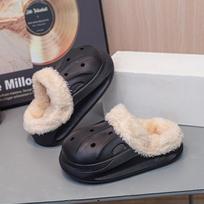 2025 Winter Children's Fleece-lined Clog Slippers: Warm Indoor Cotton Shoes for Boys and Girls 24/25 (170mm) white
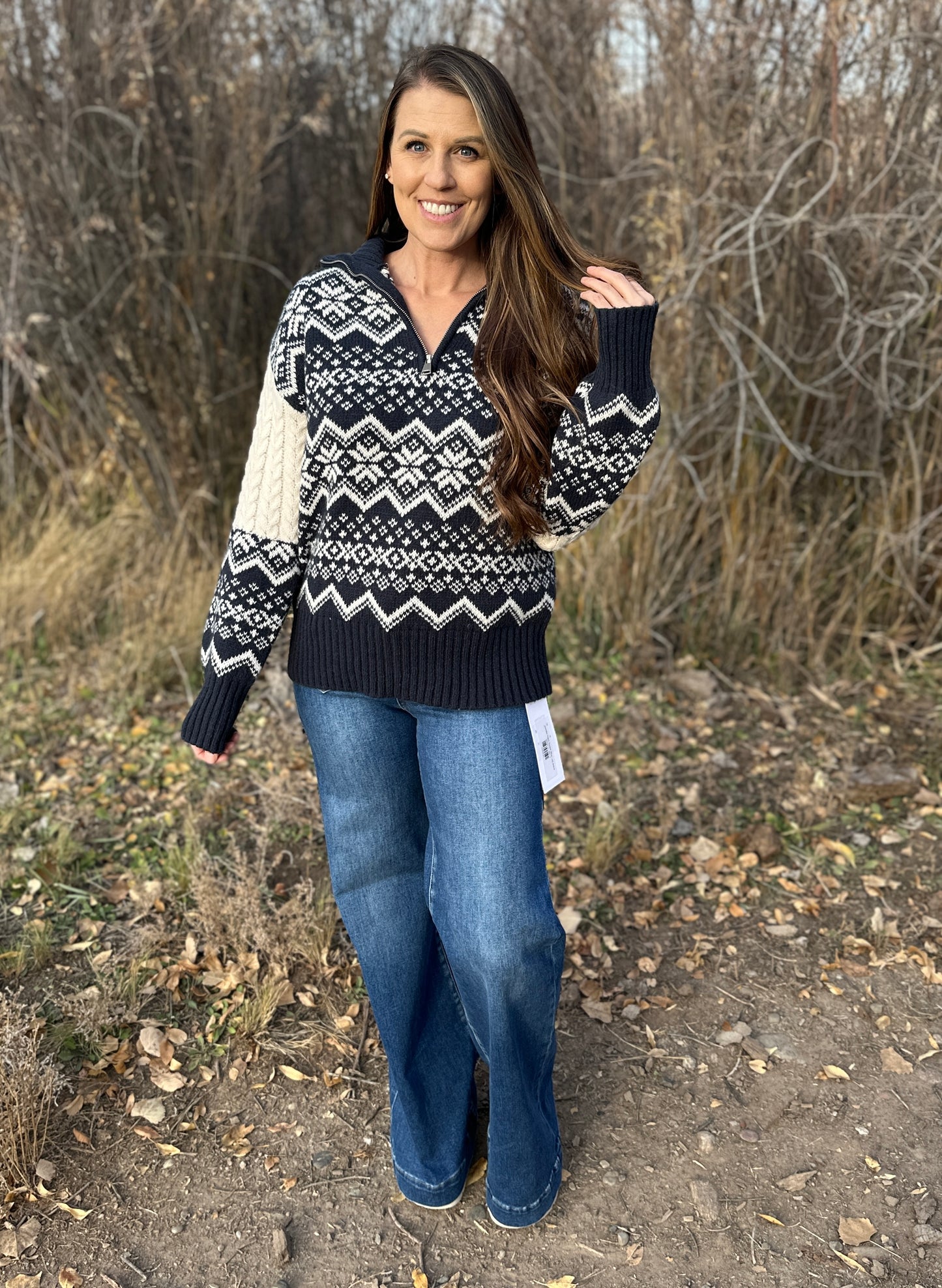 Jacquard Half Zip Sweater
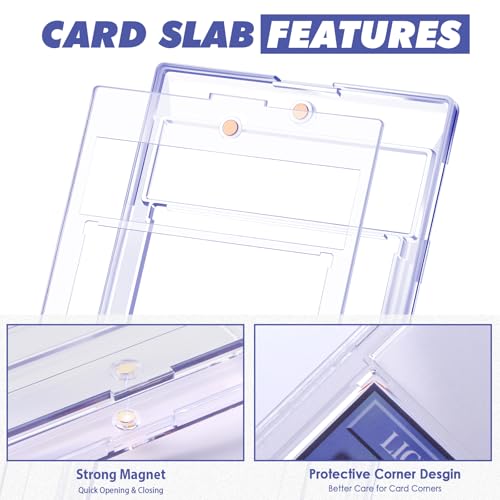 Homthy 100 Pack Magnetic Card Slabs for Trading Cards - Clear Acrylic Protectors with Label Slot, Standard Size Sports & Game Card Holders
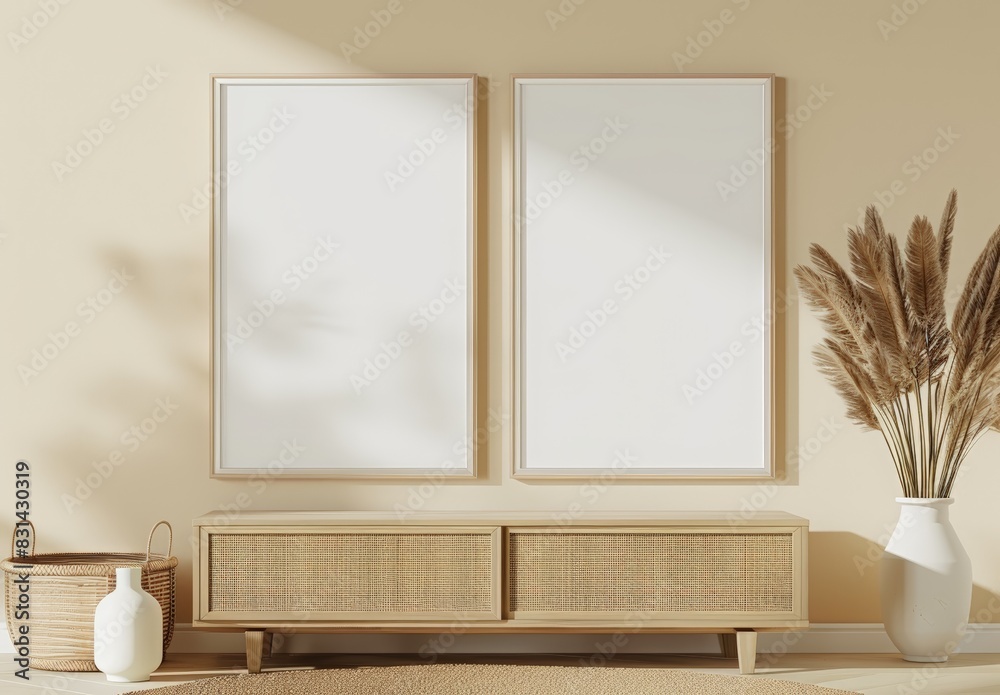 2 pieces mockup of two blank wooden frames hanging on the wall, sideboard with vase and basket in a light beige colored background with natural lighting. Scandinavian interior with a minimalistic 2 pieces mockup of two blank wooden frames hanging on the wall, sideboard with vase and basket in a light beige colored background with natural lighting. Scandinavian interior with a minimalistic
━━━━━━━━━━━━━━━━━━━━━━━━━━━━━━
• [Activity]
Retype each line above exactly and leave out any picture.

• [Output for this task]
 2025 Winter Children's Fleece-lined Clog Slippers: Warm Indoor Cotton Shoes for Boys and Girls 24/25 (170mm) white
 Jacquard Half Zip Sweater
 Homthy 100 Pack Magnetic Card Slabs for Trading Cards - Clear Acrylic Protectors with Label Slot, Standard Size Sports & Game Card Holders
 2 pieces mockup of two blank wooden frames hanging on the wall, sideboard with vase and basket in a light beige colored background with natural lighting. Scandinavian interior with a minimalistic 2 pieces mockup of two blank wooden frames hanging on the wall, sideboard with vase and basket in a light beige colored background with natural lighting. Scandinavian interior with a minimalistic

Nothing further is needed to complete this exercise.